Future Catalysts: Limited future catalysts are apparent given the Phase 2 program termination. Potential developments could include label expansions for the approved UKONIQ product in other lymphoma subtypes or combination therapy studies, though no such programs have been disclosed. The company may redirect development efforts toward other hematologic malignancies or therapeutic areas.

Expected Milestones: No expected milestones have been disclosed for the umbralisib program. The Phase 2 termination represents the most recent material development, with no announced plans for further development in lymphoma.

Quick answers

Concise, citable answers optimized for AI answer engines.

What is umbralisib?
Oral small-molecule lymphoma therapeutic developed by TG Therapeutics, Inc.
Brand name?
UKONIQ
FDA approved?
Yes, under NDA213176; specific approval date not disclosed.
Current development phase?
Phase 2 program terminated as of February 27, 2026.
Indication?
Lymphoma
Route of administration?
Oral
Sponsor company?
TG Therapeutics, Inc.
Mechanism of action?
Not yet disclosed
Molecular target?
Not yet disclosed
Drug modality?
Small-molecule
Development partner?
None disclosed; TG Therapeutics is sole sponsor.
Internal program code?
19-011
Key clinical trial?
NCT03919175; detailed results not yet reported.
Peak sales projection?
Not yet disclosed
Main competitors?
Ibrutinib (AbbVie), brentuximab vedotin (Takeda), temsirolimus (Pfizer).
EMA approval status?
Not yet disclosed
Japan PMDA approval?
Not yet disclosed
China NMPA approval?
Not yet disclosed
Why Phase 2 terminated?
Specific rationale not disclosed by sponsor.
Patent expiration date?
Not yet disclosed
First disclosure date?
Not yet disclosed
Lead investigator?
Not yet disclosed
Therapeutic class?
Not yet disclosed
License type?
Not yet disclosed
Consensus analyst position?
Not yet disclosed

Evidence & sources

Reviewed by NovaPharmaNews Intelligence Desk. Last reviewed .

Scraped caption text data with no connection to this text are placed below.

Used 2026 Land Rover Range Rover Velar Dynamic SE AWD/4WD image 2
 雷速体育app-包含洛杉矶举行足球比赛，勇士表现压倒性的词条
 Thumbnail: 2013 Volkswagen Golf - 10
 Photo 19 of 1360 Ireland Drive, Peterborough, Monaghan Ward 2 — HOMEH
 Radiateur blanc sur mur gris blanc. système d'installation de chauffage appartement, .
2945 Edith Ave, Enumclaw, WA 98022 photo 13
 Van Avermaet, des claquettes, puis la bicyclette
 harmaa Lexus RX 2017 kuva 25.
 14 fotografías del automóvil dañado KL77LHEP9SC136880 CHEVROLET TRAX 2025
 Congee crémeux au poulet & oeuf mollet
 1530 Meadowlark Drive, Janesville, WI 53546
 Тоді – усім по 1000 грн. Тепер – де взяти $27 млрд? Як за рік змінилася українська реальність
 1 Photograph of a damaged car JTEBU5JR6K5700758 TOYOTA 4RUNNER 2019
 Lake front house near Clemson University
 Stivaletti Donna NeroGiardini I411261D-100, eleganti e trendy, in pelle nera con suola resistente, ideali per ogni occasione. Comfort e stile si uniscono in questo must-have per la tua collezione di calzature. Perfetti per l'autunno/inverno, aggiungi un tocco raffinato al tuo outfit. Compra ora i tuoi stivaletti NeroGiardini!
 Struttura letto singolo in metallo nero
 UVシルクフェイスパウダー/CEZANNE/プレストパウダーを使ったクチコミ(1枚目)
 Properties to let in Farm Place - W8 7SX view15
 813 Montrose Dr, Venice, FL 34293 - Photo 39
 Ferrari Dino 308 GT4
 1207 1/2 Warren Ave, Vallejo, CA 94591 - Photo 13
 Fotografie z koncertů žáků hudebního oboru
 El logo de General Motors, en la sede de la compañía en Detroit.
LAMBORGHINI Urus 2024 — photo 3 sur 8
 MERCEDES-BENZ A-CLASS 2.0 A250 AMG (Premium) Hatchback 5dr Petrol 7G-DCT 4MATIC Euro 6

  1. ClinicalTrials.gov NCT03919175 (clinicaltrials)
  2. umbralisib tosylate US status (fda)
  3. Source: phase (source_attribution)
  4. MONDO Disease Ontology (MONDO:0005062) (mondo)
  5. Orphanet — lymphoma (orphanet)
  6. NCT00026208 (clinicaltrials_gov)
  7. NCT00578461 (clinicaltrials_gov)
  8. NCT01459224 (clinicaltrials_gov)
  9. NCT02996773 (clinicaltrials_gov)
  10. NCT03117036 (clinicaltrials_gov)
  11. AACT (ClinicalTrials.gov aggregate) (aact)
  12. ClinicalTrials.gov (clinicaltrials_gov)
  13. Open Targets Platform (opentargets)

Intelligence compiled from public regulatory and clinical sources (FDA, EMA, ClinicalTrials.gov and company disclosures). Figures may be editorial or analyst estimates; verify against primary sources before relying on them.